Il résulte de ce qui précède et sans qu’il soit besoin d’examiner les autres fins de non-recevoir opposées à la requête par la communauté d’agglomération Lamballe Terre et Mer, que la requête de M. et Mme B... doit être rejetée dans toutes ses conclusions.


Par ailleurs, il y a lieu, dans les circonstances de l’espèce, de mettre à la charge de M. et Mme B... une somme de 1 000 euros à verser à la communauté d’agglomération Lamballe Terre et Mer au titre de l’article L. 761-1 du code de justice administrative.






D É C I D E :

Article 1 : La requête de M. et Mme B... est rejetée.

Article 2 : M. et Mme B... verseront à la communauté d’agglomération Lamballe Terre et Mer la somme de 1 000 euros au titre de l’article L. 761-1 du code de justice administrative.

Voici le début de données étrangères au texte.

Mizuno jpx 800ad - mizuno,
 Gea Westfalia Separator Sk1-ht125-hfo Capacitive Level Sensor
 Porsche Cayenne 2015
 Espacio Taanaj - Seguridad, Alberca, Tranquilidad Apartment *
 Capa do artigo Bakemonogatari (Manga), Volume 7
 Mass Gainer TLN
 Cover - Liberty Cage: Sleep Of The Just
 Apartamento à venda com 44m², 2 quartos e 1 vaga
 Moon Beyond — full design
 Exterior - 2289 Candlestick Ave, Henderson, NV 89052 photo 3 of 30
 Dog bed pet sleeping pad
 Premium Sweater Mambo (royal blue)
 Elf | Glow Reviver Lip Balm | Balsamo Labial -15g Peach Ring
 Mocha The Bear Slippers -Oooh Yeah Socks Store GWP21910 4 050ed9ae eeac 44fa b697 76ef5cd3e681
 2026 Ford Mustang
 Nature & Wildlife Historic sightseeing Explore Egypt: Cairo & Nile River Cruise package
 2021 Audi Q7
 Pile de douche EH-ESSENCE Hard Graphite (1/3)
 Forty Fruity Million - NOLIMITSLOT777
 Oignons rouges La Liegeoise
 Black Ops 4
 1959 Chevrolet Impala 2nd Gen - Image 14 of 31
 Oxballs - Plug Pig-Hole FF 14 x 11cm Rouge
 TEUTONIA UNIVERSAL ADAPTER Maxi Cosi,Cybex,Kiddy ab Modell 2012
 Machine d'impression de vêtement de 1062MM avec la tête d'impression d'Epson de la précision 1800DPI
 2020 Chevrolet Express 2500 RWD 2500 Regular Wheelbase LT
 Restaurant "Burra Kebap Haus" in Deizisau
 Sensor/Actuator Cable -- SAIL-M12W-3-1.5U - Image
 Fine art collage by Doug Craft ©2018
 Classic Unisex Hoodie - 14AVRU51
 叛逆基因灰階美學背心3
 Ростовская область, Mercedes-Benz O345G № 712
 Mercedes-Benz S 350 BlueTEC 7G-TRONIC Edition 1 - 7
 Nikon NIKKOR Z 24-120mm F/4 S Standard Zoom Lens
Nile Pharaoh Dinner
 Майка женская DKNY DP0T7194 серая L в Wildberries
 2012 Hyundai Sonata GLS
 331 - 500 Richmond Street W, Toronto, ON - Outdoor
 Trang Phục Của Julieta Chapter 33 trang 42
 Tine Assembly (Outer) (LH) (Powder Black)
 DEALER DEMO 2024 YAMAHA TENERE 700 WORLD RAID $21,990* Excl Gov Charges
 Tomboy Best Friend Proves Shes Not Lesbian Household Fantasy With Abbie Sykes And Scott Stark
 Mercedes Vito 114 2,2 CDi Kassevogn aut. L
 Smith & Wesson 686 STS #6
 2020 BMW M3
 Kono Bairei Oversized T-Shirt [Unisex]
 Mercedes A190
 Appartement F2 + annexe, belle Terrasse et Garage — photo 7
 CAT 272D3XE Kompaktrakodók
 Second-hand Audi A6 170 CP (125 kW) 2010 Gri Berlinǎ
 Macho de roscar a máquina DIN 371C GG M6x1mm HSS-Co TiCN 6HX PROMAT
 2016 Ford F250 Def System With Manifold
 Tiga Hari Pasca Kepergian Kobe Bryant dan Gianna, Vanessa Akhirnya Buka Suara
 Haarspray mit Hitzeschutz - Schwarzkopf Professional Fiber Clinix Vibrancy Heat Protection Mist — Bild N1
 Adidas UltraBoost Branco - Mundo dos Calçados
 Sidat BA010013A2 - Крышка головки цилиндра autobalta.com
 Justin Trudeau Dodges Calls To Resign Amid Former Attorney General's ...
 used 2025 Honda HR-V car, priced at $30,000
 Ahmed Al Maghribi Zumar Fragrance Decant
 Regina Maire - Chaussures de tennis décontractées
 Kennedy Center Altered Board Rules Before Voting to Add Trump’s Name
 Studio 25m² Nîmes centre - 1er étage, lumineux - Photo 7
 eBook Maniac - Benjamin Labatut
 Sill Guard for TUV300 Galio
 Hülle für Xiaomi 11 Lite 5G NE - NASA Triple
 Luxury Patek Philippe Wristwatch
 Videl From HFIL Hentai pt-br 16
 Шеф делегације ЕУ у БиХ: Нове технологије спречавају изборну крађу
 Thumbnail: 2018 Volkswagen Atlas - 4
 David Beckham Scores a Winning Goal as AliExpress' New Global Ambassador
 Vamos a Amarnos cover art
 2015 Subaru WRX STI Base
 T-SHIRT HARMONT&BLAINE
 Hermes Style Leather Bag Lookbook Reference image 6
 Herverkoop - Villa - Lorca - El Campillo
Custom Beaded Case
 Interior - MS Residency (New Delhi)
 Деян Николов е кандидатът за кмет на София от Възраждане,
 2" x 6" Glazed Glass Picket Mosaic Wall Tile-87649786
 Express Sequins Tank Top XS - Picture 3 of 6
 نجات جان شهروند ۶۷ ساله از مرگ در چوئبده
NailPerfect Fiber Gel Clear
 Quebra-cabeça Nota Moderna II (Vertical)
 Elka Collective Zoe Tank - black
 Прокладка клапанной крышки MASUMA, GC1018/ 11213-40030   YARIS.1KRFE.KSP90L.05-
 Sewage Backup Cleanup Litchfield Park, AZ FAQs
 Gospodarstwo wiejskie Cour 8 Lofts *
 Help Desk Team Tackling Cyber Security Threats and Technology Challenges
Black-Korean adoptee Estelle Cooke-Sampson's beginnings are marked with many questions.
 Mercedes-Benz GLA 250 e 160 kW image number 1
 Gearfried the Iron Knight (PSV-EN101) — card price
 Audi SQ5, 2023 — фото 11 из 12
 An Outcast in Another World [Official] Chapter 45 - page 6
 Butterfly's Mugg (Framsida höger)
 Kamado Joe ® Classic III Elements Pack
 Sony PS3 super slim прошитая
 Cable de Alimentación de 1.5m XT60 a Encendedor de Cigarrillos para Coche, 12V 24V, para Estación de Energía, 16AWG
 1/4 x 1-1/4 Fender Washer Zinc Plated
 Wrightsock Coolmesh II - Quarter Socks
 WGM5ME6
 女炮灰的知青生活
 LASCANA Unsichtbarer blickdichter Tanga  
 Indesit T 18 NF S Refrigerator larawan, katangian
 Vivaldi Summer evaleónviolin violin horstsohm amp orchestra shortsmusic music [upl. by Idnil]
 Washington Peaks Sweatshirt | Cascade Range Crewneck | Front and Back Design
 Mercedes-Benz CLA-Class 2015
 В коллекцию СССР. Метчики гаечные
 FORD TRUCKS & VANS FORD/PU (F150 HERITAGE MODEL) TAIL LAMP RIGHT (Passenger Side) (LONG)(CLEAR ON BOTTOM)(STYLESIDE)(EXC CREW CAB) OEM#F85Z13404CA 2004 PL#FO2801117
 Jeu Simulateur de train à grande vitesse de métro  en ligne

Article 3 : Le présent jugement sera notifié à M. et Mme A... et C... B... et à la communauté d’agglomération Lamballe Terre et Mer.


Délibéré après l'audience du 16 octobre 2025, à laquelle siégeaient :

M. Descombes, président,
M. Le Roux, premier conseiller,
M. Le Bonniec, premier conseiller.

Rendu public par mise à disposition au greffe le 6 novembre 2025.


Le président-rapporteur,


Signé


G. Descombes

L’assesseur le plus ancien,


Signé


P. Le Roux
Le greffier,


Signé


J-M. Riaud


La République mande et ordonne au préfet des Côtes-d’Armor en ce qui le concerne ou à tous commissaires de justice à ce requis en ce qui concerne les voies de droit commun contre les parties privées, de pourvoir à l’exécution de la présente décision.